Since ArcBest Corp (NASDAQ:ARCB) has experienced a decline in interest from the aggregate hedge fund industry, logic holds that there exists a select few hedgies who were dropping their full holdings heading into Q4. Intriguingly, Michael Gelband’s ExodusPoint Capital dumped the biggest investment of all the hedgies tracked by Insider Monkey, totaling close to $0.5 million in stock. Mika Toikka’s fund, AlphaCrest Capital Management, also cut its stock, about $0.5 million worth. These transactions are interesting, as total hedge fund interest fell by 2 funds heading into Q4.
Let’s check out hedge fund activity in other stocks similar to ArcBest Corp (NASDAQ:ARCB). These stocks are RPC, Inc. (NYSE:RES), Provention Bio, Inc. (NASDAQ:PRVB), National Energy Services Reunited Corp. (NASDAQ:NESR), and China Yuchai International Limited (NYSE:CYD). This group of stocks’ market valuations are closest to ARCB’s market valuation.
|Ticker||No of HFs with positions||Total Value of HF Positions (x1000)||Change in HF Position|
View table here if you experience formatting issues.
As you can see these stocks had an average of 7.5 hedge funds with bullish positions and the average amount invested in these stocks was $30 million.
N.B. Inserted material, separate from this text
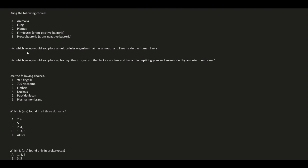Into which group would you place a multicellular organism that has a mouth and lives inside the human liver? Which organism has mouths? The choices are Animalia, Fungi, Plantae, Firmicutes, Proteobacteria. The answer is A — Animalia — they have mouths.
That figure was $42 million in ARCB’s case. RPC, Inc. (NYSE:RES) is the most popular stock in this table. On the other hand National Energy Services Reunited Corp. (NASDAQ:NESR) is the least popular one with only 5 bullish hedge fund positions. ArcBest Corp (NASDAQ:ARCB) is not the most popular stock in this group but hedge fund interest is still above average. Our calculations showed that top 10 most popular stocks among hedge funds returned 41.4% in 2019 and outperformed the S&P 500 ETF (SPY) by 10.1 percentage points. These stocks gained 12.3% in 2020 through June 30th but still beat the market by 15.5 percentage points. Hedge funds were also right about betting on ARCB as the stock returned 51.9% in Q2 and outperformed the market. Hedge funds were rewarded for their relative bullishness.